• The Four Hundred
  • Subscribe
  • Media Kit
  • Contributors
  • About Us
  • Contact
Menu
  • The Four Hundred
  • Subscribe
  • Media Kit
  • Contributors
  • About Us
  • Contact
  • Running Totals in an SQL Query, Take 2

    July 13, 2011 Skip Marchesani

    My article, Running Totals in an SQL Query, described how to write an SQL SELECT statement that generated a running total for each row in the result set and provided an example of the SELECT statement syntax to do so.

    While the SELECT statement was syntactically correct, it had an omission and did not work correctly in a certain data situation. Several readers figured this out and were good enough to send an email note to make me aware of the situation. I very much appreciate the emails.

    I want readers to know that the article was a test to see how many were paying attention to detail, and all of you that sent emails alerting me to the issue passed the test.

    I wish. And if you believe that it was a test, I have a bridge for sale if you’re interested.

    Let’s review my running totals scenario so I can explain the omission and show how it can be easily fixed. I used an example based on a department master table called Dept_Master, which had the following format.

    Column Name	Description
    Dpt_Nbr		Department Number
    Dpt_Name		Department Name
    Emp_Count		Department Employee Count
    

    And, for the purposes of the discussion, the Dept_Master table contained the following rows listed in arrival sequence for the table.

    Dpt_Nbr		Dpt_Name		Emp_Count
    901		Accounting	03
    911		Sales		11
    977		Manufact		27
    990		Maint		07
    

    The example that I used was to generate a running total based on the employee count for each department, and see the result set in descending sequence based on the employee count as shown below.

    Dpt_Nbr	Dpt_Name		Emp_Count		Running_Total
    977	Manufact		27		27
    911	Sales		11		38
    990	Maint		07		45
    901	Accounting	03		48
    

    The SELECT statement to do the above used a scalar subselect in the column list of the SELECT statement to calculate or derive the running total for each row as shown below.

    SELECT dpt_nbr,  dpt_name,  emp_count,
               		    (SELECT SUM(emp_count)
                        		FROM  dept_master  b
                        		WHERE  b.emp_count  >=  a.emp_count)
                   	        AS  running_total
       	    FROM  dept_master  a
       	    ORDER BY  emp_count  DESC
    

    This SELECT statement is syntactically correct, but it breaks when the column on which the running total is based–in this case Emp_Count–contains identical values in two or more rows.
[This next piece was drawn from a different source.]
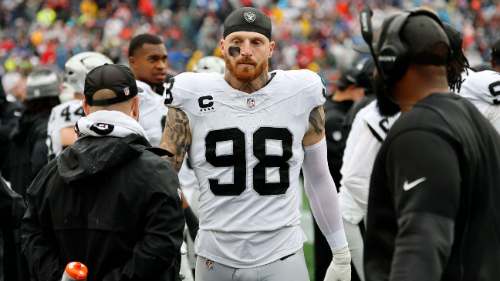 Barnwell analiza consecuencias del traspaso cancelado de Maxx Crosby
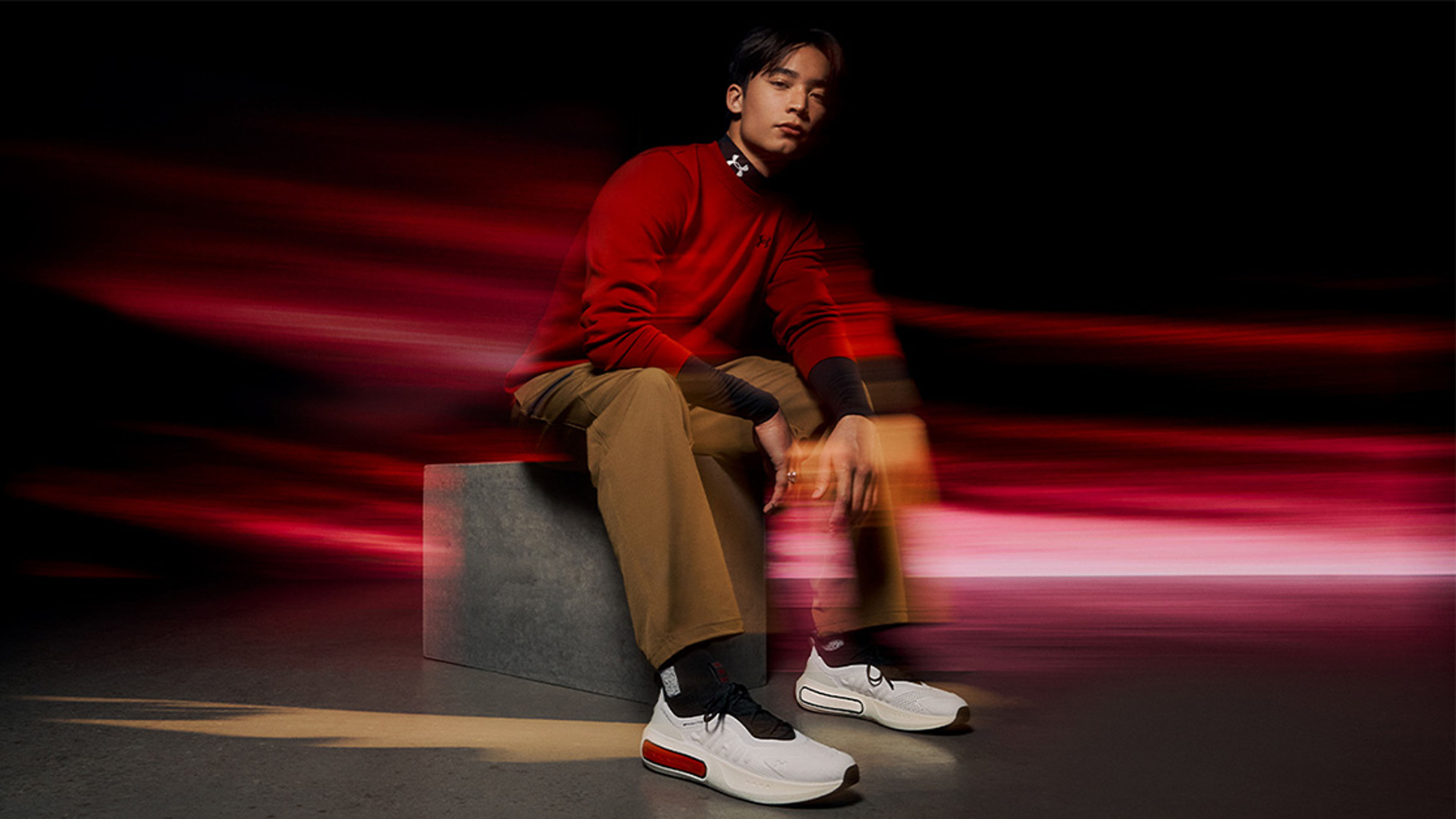 12.12 Banner - Under Armour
This means that if the Dept_Master table in the example had two rows with the same Emp_Count, the SELECT statement shown above will not work correctly.

    To see what happens in this situation, let’s change the row for department number 990 to have an employee count of 11, which is the same as department number 911. The rows in the Dept_Master table would then look as follows:

    Dpt_Nbr	Dpt_Name		Emp_Count
    901	Accounting	03
    911	Sales		11
    977	Manufact  	27
    990	Maint		11
    

    If we execute the SELECT statement against this set of data, it returns the following result set.
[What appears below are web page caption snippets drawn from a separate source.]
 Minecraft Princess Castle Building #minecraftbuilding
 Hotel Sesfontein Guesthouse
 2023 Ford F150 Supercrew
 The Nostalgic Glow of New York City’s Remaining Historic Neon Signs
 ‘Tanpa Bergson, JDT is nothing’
    Dpt_Nbr	pt_Name		Emp_Count		Running_Total
    977	Manufact		27		27
    911	Sales		11		49
    990	Maint		11		49
    901	Accounting	03		2
    

    If we examine the result set, the running total for departments 911 and 990 are both 49, which is not correct. One of them should be 38 and the other 49. The reason that the SELECT statement does not work correctly is that the argument for the WHERE clause for the scalar subselect (WHERE b.emp_count >= a.emp_count) cannot handle duplicate employee counts in the rows for each department they way it is currently structured.

    The solution is simple and was provided by reader Anita C, who emailed to make me aware of the situation. My thanks to Anita! To resolve the issue, the argument for the WHERE clause in the scalar subselect needs to be structured so that it is unique for each row in Dept_Master. The way to do this is to combine Emp_Count with Dpt_Nbr by concatenating them together as shown in the following WHERE clause. Dpt_Nbr is a unique column in Dept_Master.
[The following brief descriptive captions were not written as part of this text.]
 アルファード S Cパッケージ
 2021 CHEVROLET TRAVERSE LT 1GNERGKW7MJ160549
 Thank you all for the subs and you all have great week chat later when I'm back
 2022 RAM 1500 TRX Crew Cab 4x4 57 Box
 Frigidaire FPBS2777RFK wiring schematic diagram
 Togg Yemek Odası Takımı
    WHERE  digits(b.emp_count) || b.dpt_nbr  >=  digits(a.emp_count) 
    || a.dpt_nbr) 
    

    In addition to the change in the WHERE clause, the ORDER BY clause must have the same argument as the WHERE clause as shown below. Without the revised ORDER BY clause, the running total will not be in the correct sequence in the result set.

    ORDER BY  digits(emp_count) || dpt_nbr
    

    In this specific case the DIGITS function is used with Emp_Count (in both the WHERE and ORDER BY clauses) to preserve the leading zero in the employee count of 03 for department number 901. If DIGITS is not used, DB2 will do an implicit cast of Emp_Count from numeric to character, the leading zero on the employee count of 03 will be dropped, the remaining three will be left justified, and the SELECT statement will not return the correct result set.

    The SELECT statement with the revised syntax looks like this:

    SELECT dpt_nbr,  dpt_name,  emp_count,
               (SELECT SUM(emp_count)
                       FROM  dept_master  b
                       WHERE  DIGITS(b.emp_count) || b.dpt_nbr >=  
    				   DIGITS(a.emp_count) || a.dpt_nbr)
                   AS  running_total
       FROM  dept_master  a 
       ORDER BY  DIGITS(emp_count) || dpt_nbr DESC
    

    And, the following would be the correct result set returned by the SELECT statement:

    Dpt_Nbr	Dpt_Name		Emp_Count		Running_Total
    977	Manufact		27		27
    990	Maint		11		38
    911	Sales		11		49
    901	Accounting	03		52
    

    The SELECT statement shown above, returns the result set in descending sequence of Emp_Count then Dpt_Nbr. To see the result set in ascending sequence simply change the greater than or equal to argument (>=) in the WHERE clause for the scalar subselect to be to a less than or equal argument (<=), and remove the DESC keyword at the end of the ORDER BY clause.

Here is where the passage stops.